In the meantime, the average sports bettor typically has no idea how bad he or she is, because they only remember the wins. In the long term, over a statistically significant sample size of games — and unlike TeamRankings in our “sweet spots” — most people don’t even come close to winning 52.4% of their bets. I’ll submit this proof: Vegas sports books are still in business.
To bring this all back home, I think it’s interesting several number crunchers seem to be having a rougher start with NFL ATS picks this year. But that’s all anyone should take away from this article. There are no meaningful conclusions to be drawn. It’s just news.
(And it would be a bit ironic if we all ended up positive for the season for NFL spread picks that we actually recommend as playable.)

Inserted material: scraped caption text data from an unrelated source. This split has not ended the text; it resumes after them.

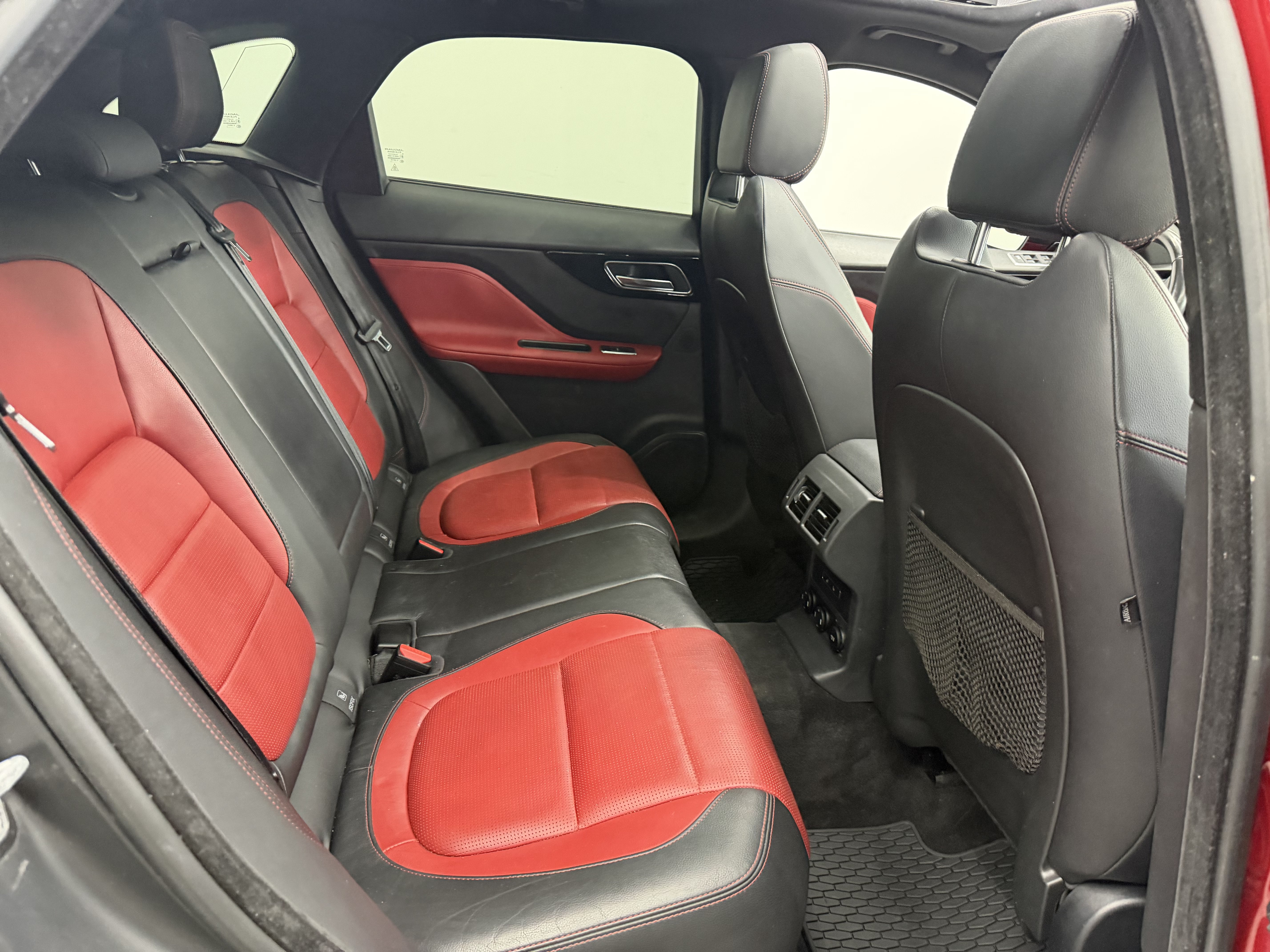 Used 2017 Jaguar F-PACE R-Sport AWD/4WD image 26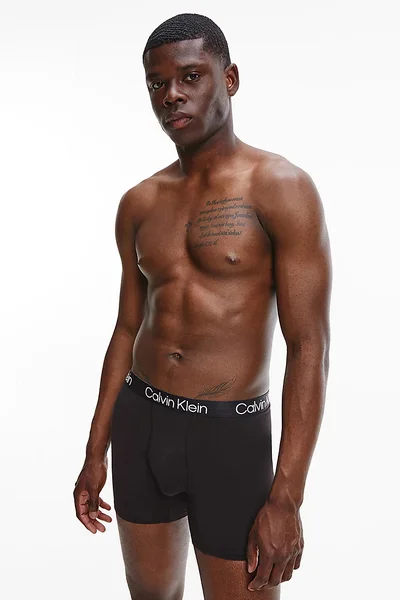 Moderní černé boxerky Calvin Klein pro muže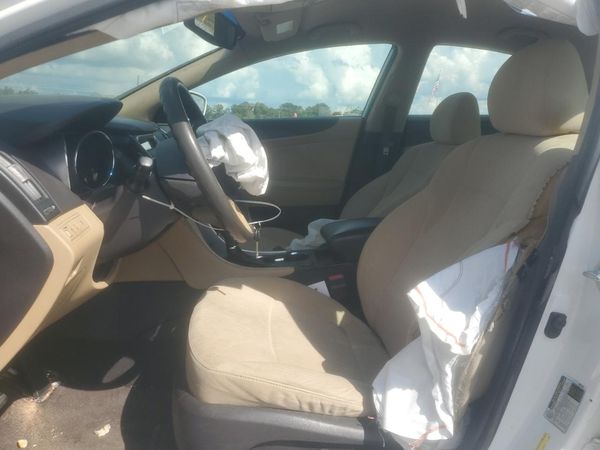 2013 HYUNDAI SONATA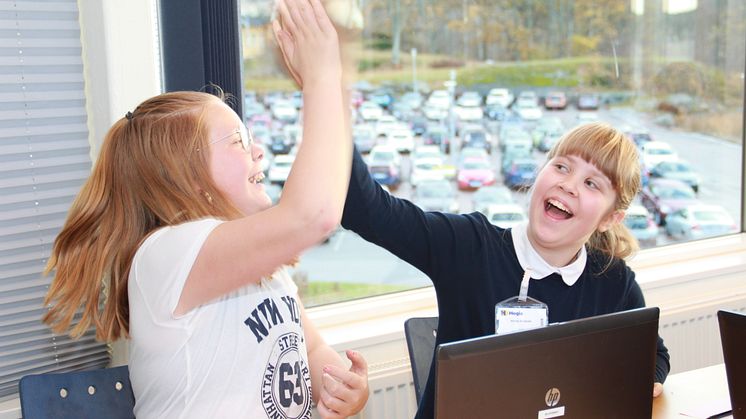 Under hösten anordnade vi programmeringsskola för höstlovslediga barn. Syftet är att lära barn att tänka logiskt och även väcka intresset för programmering och tekniska utbildningar i tidig ålder. 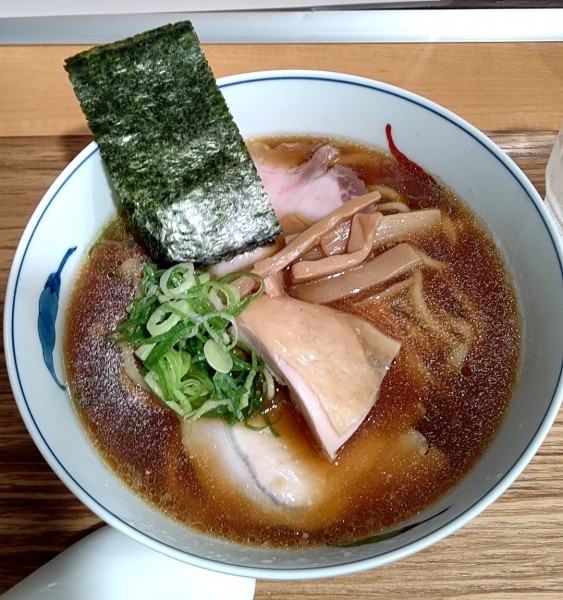 「醤油らーめん1000円」@らーめん亭 ひなり竜王の写真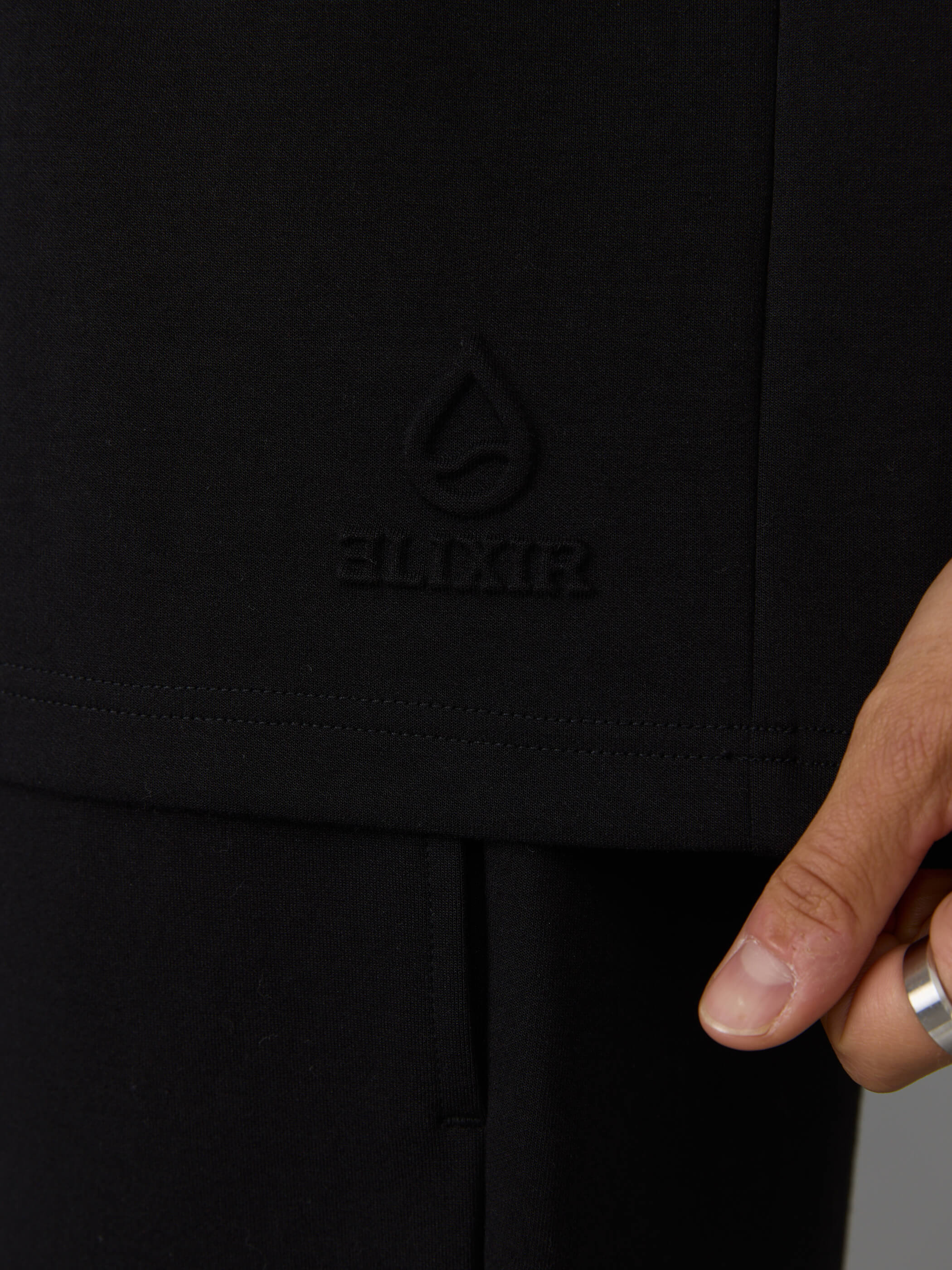 חליפת ספורט אליקסיר Embossed Logo גברים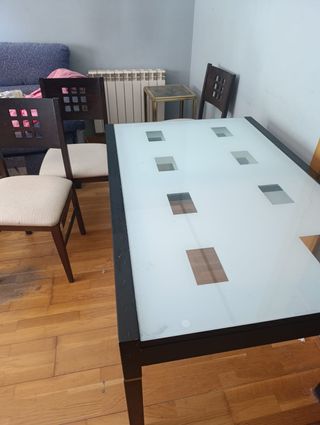 Mesa extensible y 4 sillas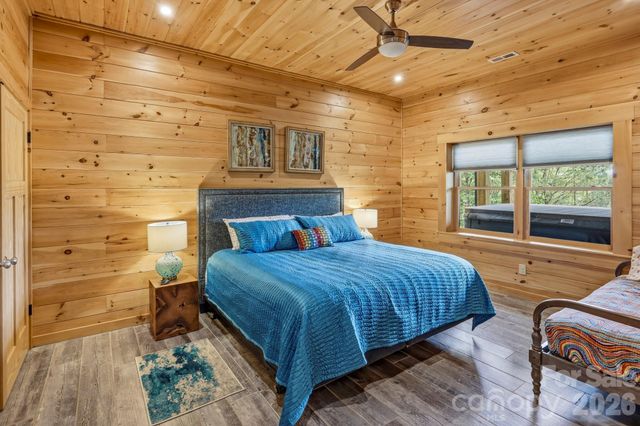 286 Holmstead Drive, Lake Lure, NC 28746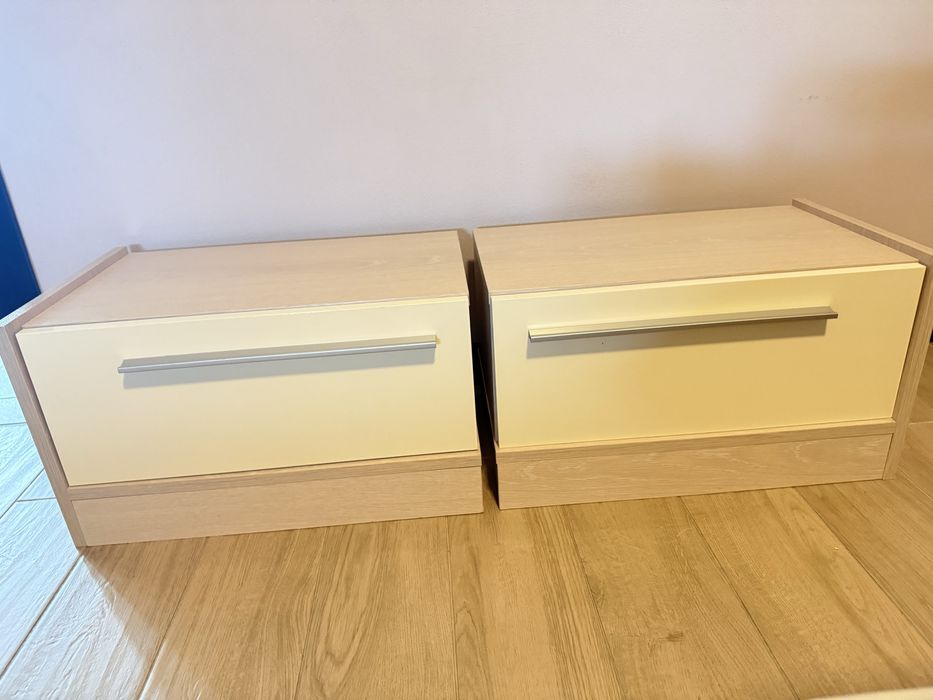 Set 2 noptiere crem cu sertare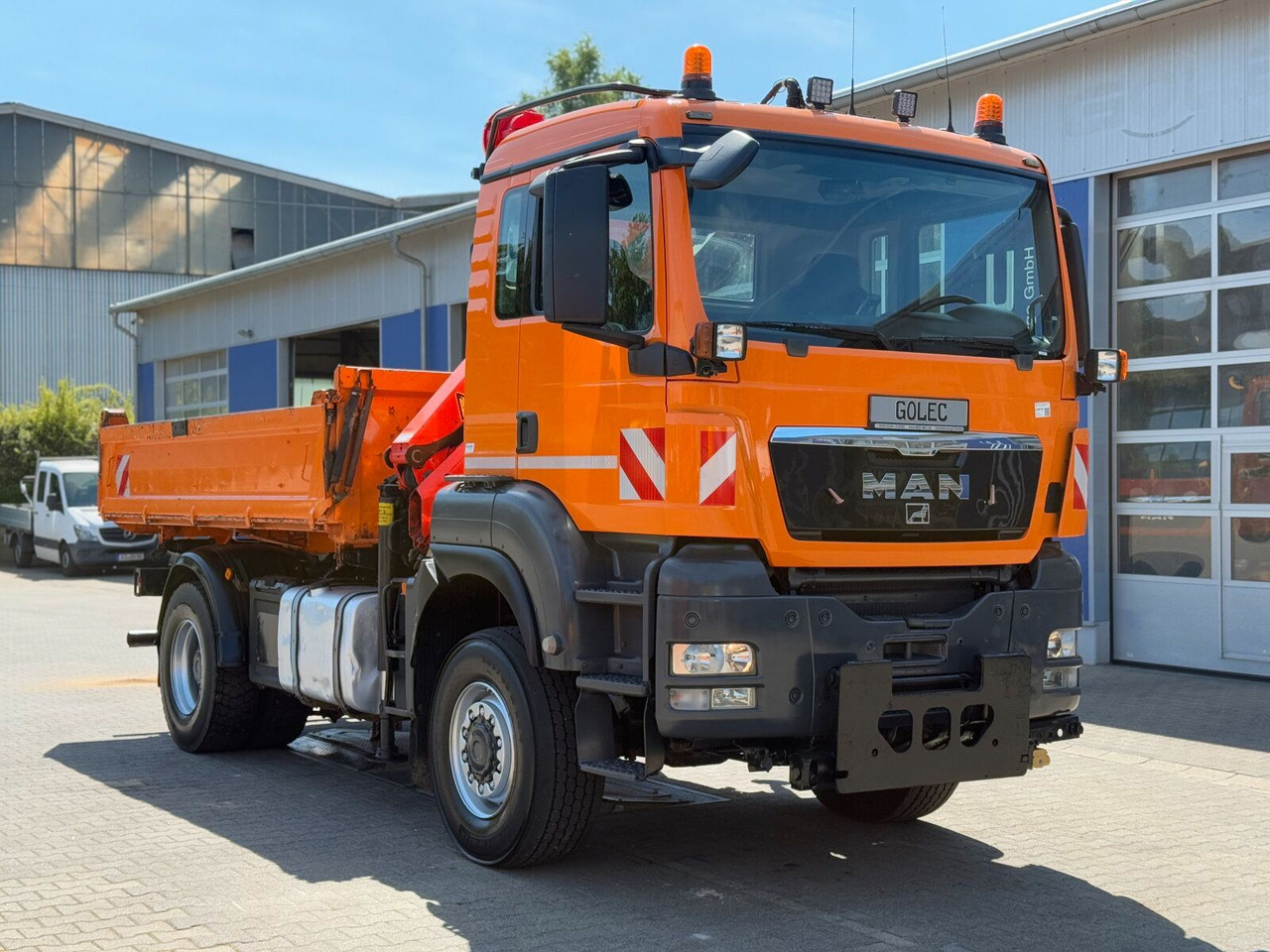MAN TGA 18.360 4x4 Kipper Kran PALFINGER Winterd. - Xe cẩu tự hành: hình 1 MAN TGA 18.360 4x4 Kipper Kran PALFINGER Winterd. - Xe cẩu tự hành: hình 1
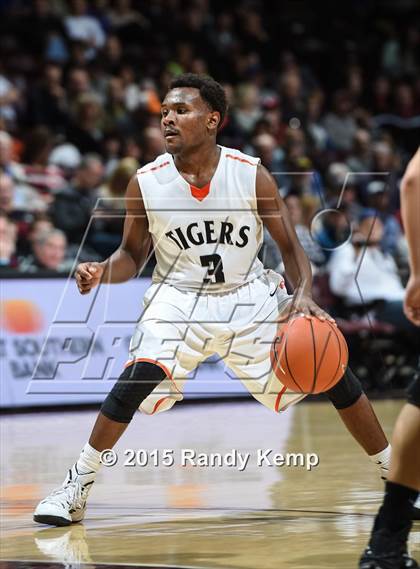 Thumbnail 3 in Waynesville vs Bentonville (Bass Pro Tournament of Champions) photogallery.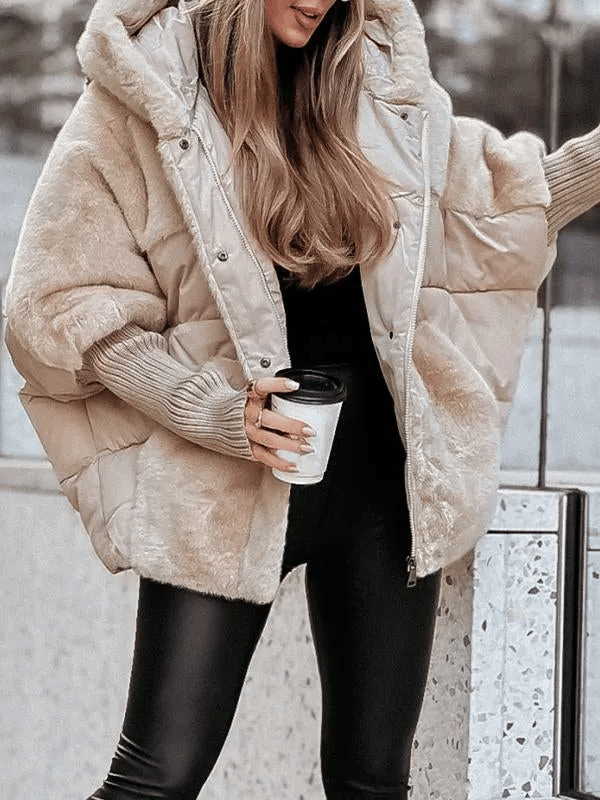 Damen Patchwork Daunenjacke – Warme Oversize Winterjacke mit Kunstpelz & modernem Design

P.S. I commend Deadspin for starting the Regressing blog and helping to further popularize sports analytics. This is a cool idea. However, I think this idea also comes with some huge challenges. What you really need to make a blog like this truly credible, I think, is a panel of independent, skilled “math editors” who do nothing by try to shoot holes in each author’s draft, and who make sure that the methodology and data set used don’t have any significant flaws.
(This is nothing against Michael Lopez personally; all analytics practitioners have many liberties they can take when gathering data or performing analyses, and it’s always hard for just a single person to think truly holistically about an analytical task and cover every single base.)
Being in the content business myself, though, I also realize that hiring math editors is clearly not a viable business model in today’s media landscape, at least for all but the biggest players. In fact, it’s the primary reason we didn’t start our own blog like “Regressing” — I thought the editing burden, especially for pieces submitted by outside contributors, would be FAR too great if it had to include not only words and language but numbers too.
FWIW, I think this is going to be a huge problem in general for the analytics movement, since the general public can’t do a good job distinguishing a great from a passable from a laughable quantitative analyst. Nate Silver being the most likely exception, several popular numbers-focused writers in our general space (Bill Barnwell and Malcolm Gladwell come to mind) seem to be regularly lampooned by people I would consider to be highly skilled analytical practitioners. (By the way, I’m pretty much the “business” guy at TR, and I don’t include myself in that group.) Sometimes these critics are a bit harsh — after all, many are ornery and highly opinionated academic types — but regardless, they tend to be right more than they are wrong in their criticisms of the popular media’s forays into stat-centric articles and blog posts.
There are just a lot of situations out there in media today where editors who are clueless about numbers are calling the shots regarding articles about numbers, and that’s a dangerous recipe. Without skilled “math editors,” you’re at a high risk for inadvertently publishing bad numbers, which is almost always worse than publishing no numbers at all.